:: Provided material

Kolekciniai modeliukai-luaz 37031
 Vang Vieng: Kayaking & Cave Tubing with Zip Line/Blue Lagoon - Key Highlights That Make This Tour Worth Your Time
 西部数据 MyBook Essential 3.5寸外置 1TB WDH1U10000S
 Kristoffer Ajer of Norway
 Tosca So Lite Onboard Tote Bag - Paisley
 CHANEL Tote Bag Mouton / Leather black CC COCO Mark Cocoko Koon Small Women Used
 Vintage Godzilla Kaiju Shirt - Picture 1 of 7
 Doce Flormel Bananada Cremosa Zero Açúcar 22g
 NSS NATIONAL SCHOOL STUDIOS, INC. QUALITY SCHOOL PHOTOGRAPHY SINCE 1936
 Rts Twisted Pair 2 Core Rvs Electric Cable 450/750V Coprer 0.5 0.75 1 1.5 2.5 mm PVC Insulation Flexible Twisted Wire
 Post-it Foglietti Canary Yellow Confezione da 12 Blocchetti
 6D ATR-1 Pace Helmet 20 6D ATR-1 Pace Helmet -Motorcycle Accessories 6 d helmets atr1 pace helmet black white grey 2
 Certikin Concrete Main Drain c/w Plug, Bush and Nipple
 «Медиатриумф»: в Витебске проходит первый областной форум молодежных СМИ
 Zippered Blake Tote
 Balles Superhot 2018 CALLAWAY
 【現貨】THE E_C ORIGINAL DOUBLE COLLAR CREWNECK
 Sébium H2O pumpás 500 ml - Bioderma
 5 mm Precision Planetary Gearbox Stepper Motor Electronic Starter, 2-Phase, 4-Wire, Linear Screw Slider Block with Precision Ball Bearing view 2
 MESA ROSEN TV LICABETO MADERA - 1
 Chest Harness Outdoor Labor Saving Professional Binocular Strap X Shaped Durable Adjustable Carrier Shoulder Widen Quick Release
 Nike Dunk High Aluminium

::::

Whatever lines appear above, reproduce every one of them exactly.

Kolekciniai modeliukai-luaz 37031
 Vang Vieng: Kayaking & Cave Tubing with Zip Line/Blue Lagoon - Key Highlights That Make This Tour Worth Your Time
 西部数据 MyBook Essential 3.5寸外置 1TB WDH1U10000S
 Kristoffer Ajer of Norway
 Tosca So Lite Onboard Tote Bag - Paisley
 CHANEL Tote Bag Mouton / Leather black CC COCO Mark Cocoko Koon Small Women Used
 Vintage Godzilla Kaiju Shirt - Picture 1 of 7
 Doce Flormel Bananada Cremosa Zero Açúcar 22g
 NSS NATIONAL SCHOOL STUDIOS, INC. QUALITY SCHOOL PHOTOGRAPHY SINCE 1936
 Rts Twisted Pair 2 Core Rvs Electric Cable 450/750V Coprer 0.5 0.75 1 1.5 2.5 mm PVC Insulation Flexible Twisted Wire
 Post-it Foglietti Canary Yellow Confezione da 12 Blocchetti
 6D ATR-1 Pace Helmet 20 6D ATR-1 Pace Helmet -Motorcycle Accessories 6 d helmets atr1 pace helmet black white grey 2
 Certikin Concrete Main Drain c/w Plug, Bush and Nipple
 «Медиатриумф»: в Витебске проходит первый областной форум молодежных СМИ
 Zippered Blake Tote
 Balles Superhot 2018 CALLAWAY
 【現貨】THE E_C ORIGINAL DOUBLE COLLAR CREWNECK
 Sébium H2O pumpás 500 ml - Bioderma
 5 mm Precision Planetary Gearbox Stepper Motor Electronic Starter, 2-Phase, 4-Wire, Linear Screw Slider Block with Precision Ball Bearing view 2
 MESA ROSEN TV LICABETO MADERA - 1
 Chest Harness Outdoor Labor Saving Professional Binocular Strap X Shaped Durable Adjustable Carrier Shoulder Widen Quick Release
 Nike Dunk High Aluminium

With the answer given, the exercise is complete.